▶ _PROBLEM DETAILS_
Exactly the lines from the one holding "Vertical shot of" through the last line of the listing below must appear in the answer, and no pictures.

BEGIN DATA PROVIDED

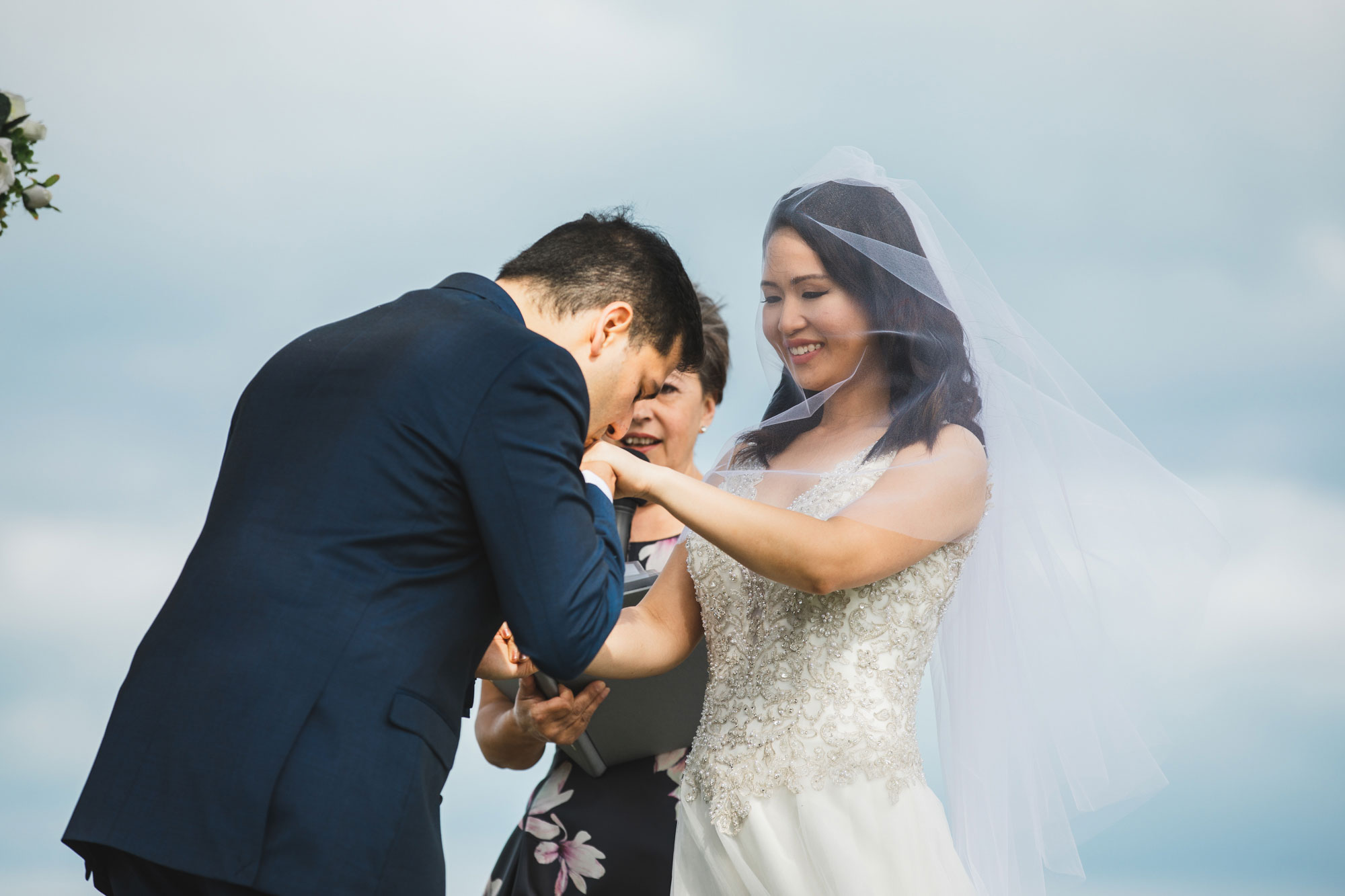 auckland wedding groom kissing bride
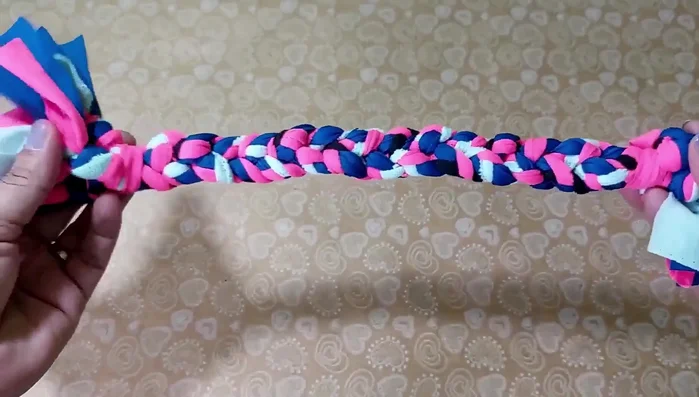 Nudo final y detalles: Al final de la trenza grande, asegúrala con otro nudo. Corta los extremos en pequeñas tiras para crear flecos.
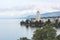 City Montreux in Switzerland on a foggy day. Buildings by beautiful Geneva Lake. Popular tourist destination, Swiss Riviera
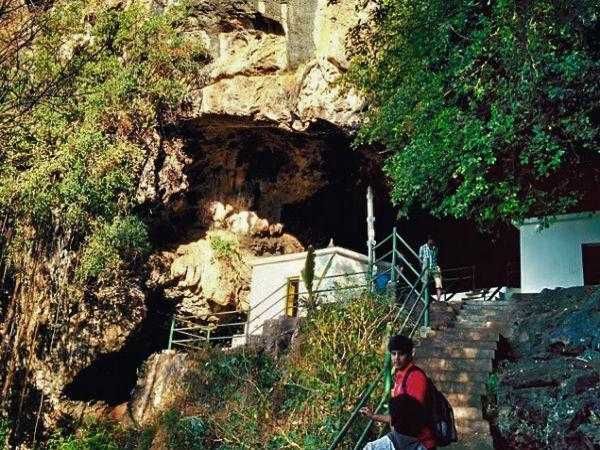 Entrance view of Kavala Caves trekking path and forest steps leading to Kavaleshwara cave temple near Dandeli Karnataka.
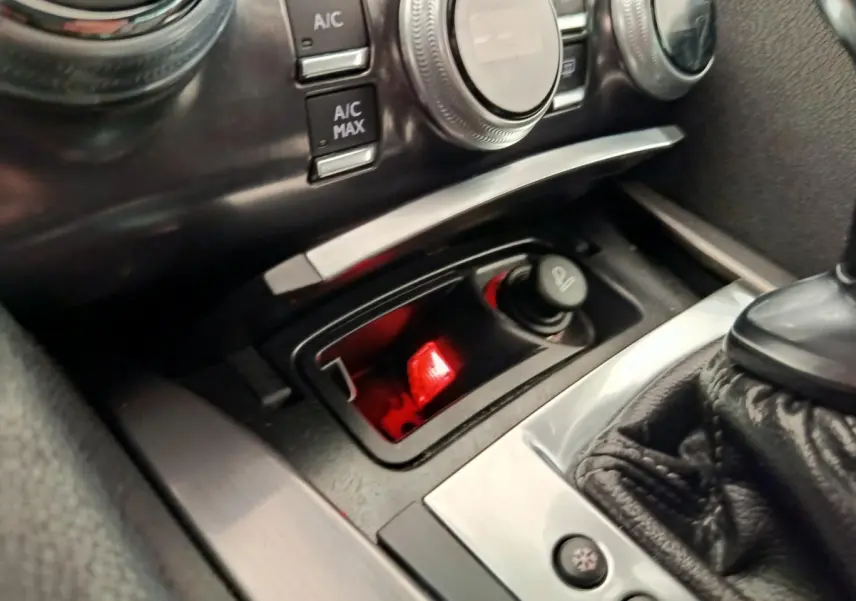 Gros plan intérieur sur la console centrale noire du DS5 avec commandes climatisation et prise allume-cigare éclairée rouge.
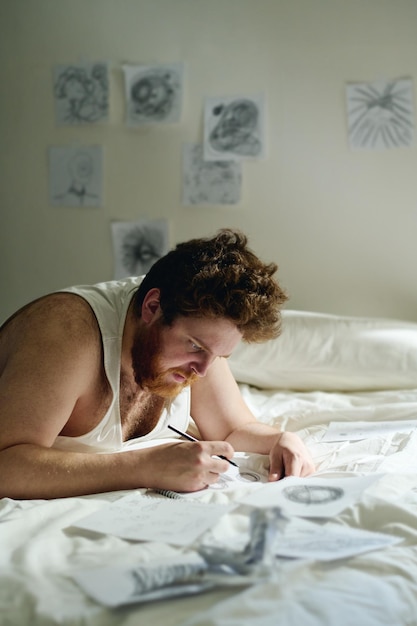 Vertical shot of bearded male patient of mental hospital drawing with pencil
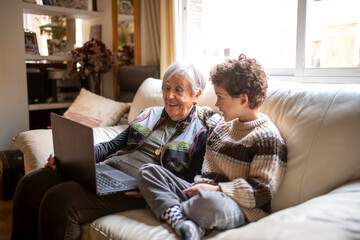 Grandmother and grandchild sharing precious moments with laptop on sofa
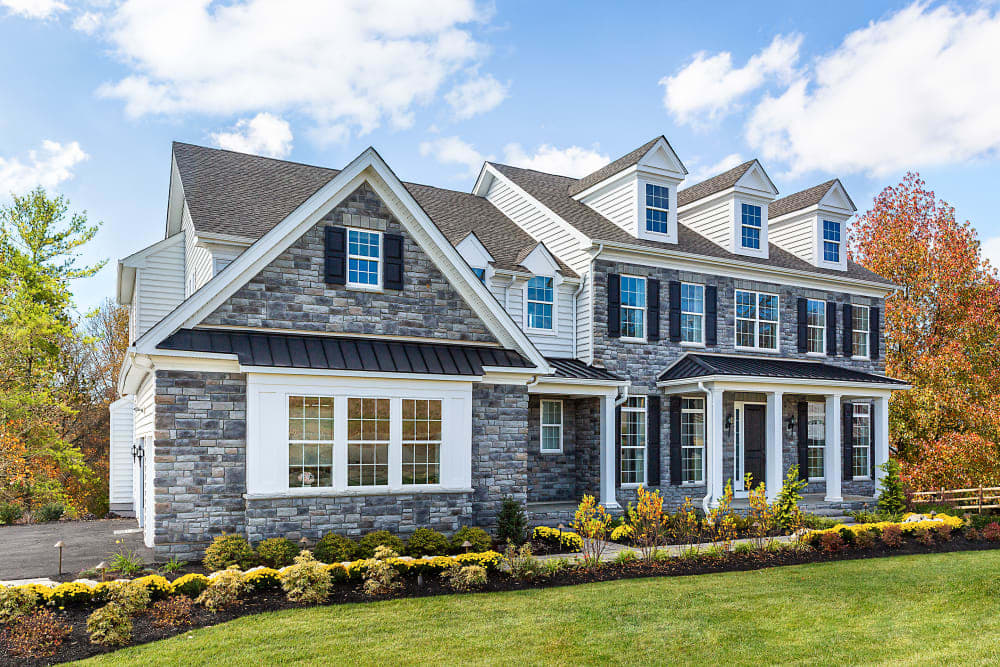Gray limestone facade on a two-story home with a long covered porch and autumn planting, featuring Dutch Quality Elkwood Limestone.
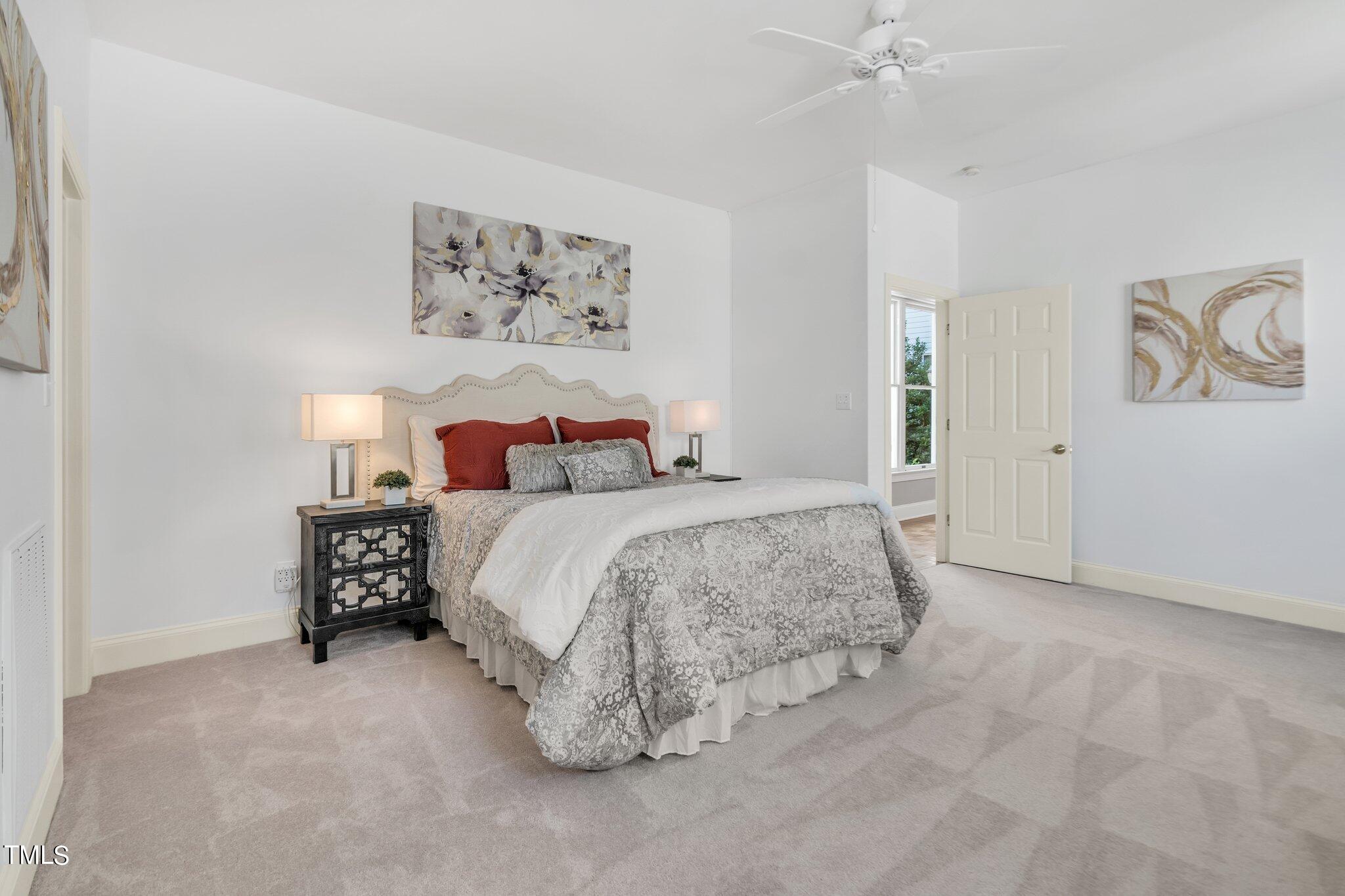 25 East Camden Pittsboro, NC 27312 - Photo 33 of 71 a spacious bedroom with a bed and a chandelier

END DATA PROVIDED

▶ _SOLUTION TO THIS PROBLEM_
 Vertical shot of bearded male patient of mental hospital drawing with pencil
 Grandmother and grandchild sharing precious moments with laptop on sofa
Gray limestone facade on a two-story home with a long covered porch and autumn planting, featuring Dutch Quality Elkwood Limestone.
 25 East Camden Pittsboro, NC 27312 - Photo 33 of 71 a spacious bedroom with a bed and a chandelier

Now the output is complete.